Chapter 12 Flashcards
Big Data
Big data: The term used to describe techniques and technologies that make it economical to deal with very large
data sets at the extreme end of the scale.
Business Analytics
Business analytics: The use of data, analysis, and modeling to arrive at business decisions. Some organizations
use business analytics to create new innovations or to support the modification of existing products or services.
Business Intelligence
Business intelligence: The term for the broad practice of using technology, applications, and processes to collect
and analyze data to support business decisions.
Chief Analytics Officer (CAO)
Chief analytics officer (CAO): The individual at the helm of an organization’s analytics activities.
Chief Data Officer
Chief data officer: An individual who has the responsibility for the data warehouse, organizational databases,
relationships with vendors who supply external data sources, and sometimes the algorithms that use these data
sources.
Combination
Combination: The mode of knowledge conversion from explicit knowledge to explicit knowledge.
Data
Data: A set of specific, objective facts or observations that standing alone have no intrinsic meaning.
Data-Driven Culture
Data‐driven culture: The organizational environment that supports and encourages the use of analytics to support
decision making.
Data Mining
Data mining: The process of analyzing databases for “gems” that will be useful in management decision making.
Typically, data mining is used to refer to the process of combing through massive amounts of customer data to
understand buying habits and to identify new products, features, and enhancements
Data Scientist
Data scientist: A professional who has the skills to use the right analytics with the right data at the right time for
the right business problem.
Data Warehouses
Data warehouse: A centralized collection of data designed to support management decision making. It sometimes
includes all the organization’s databases.
Evidence-Based Management
Evidence‐based management: An approach in which evidence (data) and facts are analyzed as the first step in
decision making.
Explicit Knowledge
Explicit knowledge: Objective, theoretical, and codified knowledge for transmission in a formal, systematic
method using grammar, syntax, and the printed word. (In contrast, see Tacit knowledge.)
Externalization
Externalization: The mode of knowledge conversion from tacit knowledge to explicit knowledge.
Folksonomy
Folksonomy: The collaborative creation and management of a structure for any type of collection, such as
ideas, data, or documents. The term is the merger of folk and taxonomy, meaning that it is a user‐generated
taxonomy.
Information
Information: Data endowed with relevance and purpose.
Intellectual Capital
Intellectual capital: The knowledge that has been identified, captured, and leveraged to produce high‐value goods
or services or some other competitive advantage for the firm.

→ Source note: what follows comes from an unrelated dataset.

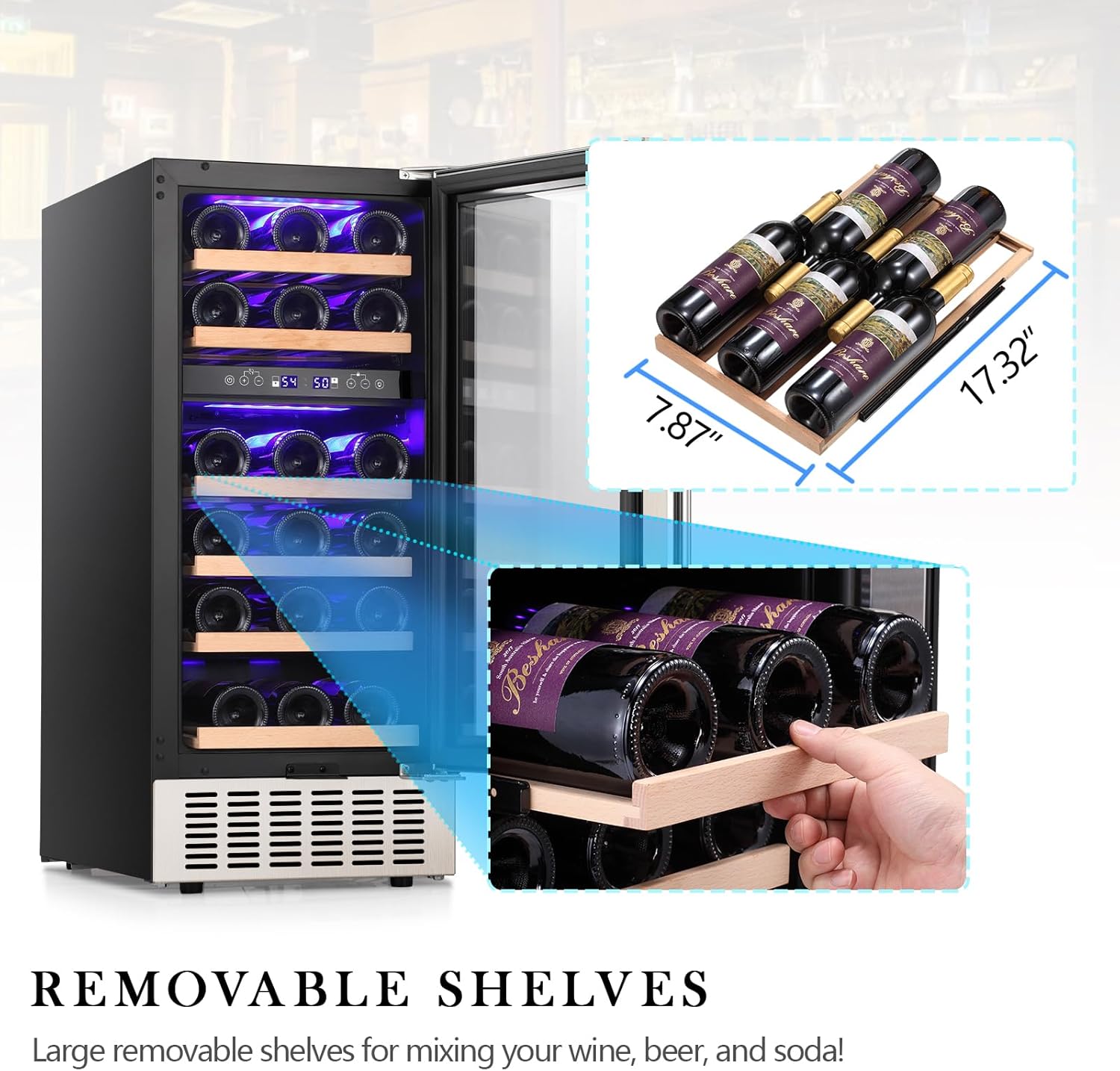 COWSAR 28 Bottle Wine Fridge, Commercial Dual Zone Beverage Refrigerator, Independent Temp, LED, Under Counter Drink Wine Cooler Chiller with Stainless Steel Frame, Double-Layer Tempered Glass Door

Intellectual Property (IP)
Intellectual property (IP): The term used to describe a creative information‐based output. It is information based and, unlike physical property, it is nonexclusive and has a negligible marginal cost to produce additional copies.
Internalization
Internalization: The mode of knowledge conversion from explicit knowledge to tacit knowledge.
Internet of Things
Internet of Things: The technology embedded in devices that streams sensor data from those devices to the
Internet to create rich databases of operational data.
Knowledge
Knowledge: The information synthesized and contextualized to provide value.
Knowledge Capture
Knowledge capture: The continuous processes of scanning, organizing, and packaging knowledge after it has
been generated.
Knowledge Codification
Knowledge codification: The representation of knowledge in a manner that can be easily accessed and transferred.
Knowledge Generation
Knowledge generation: All activities that discover “new” knowledge, whether such knowledge is new to the
individual, the firm, or the entire discipline.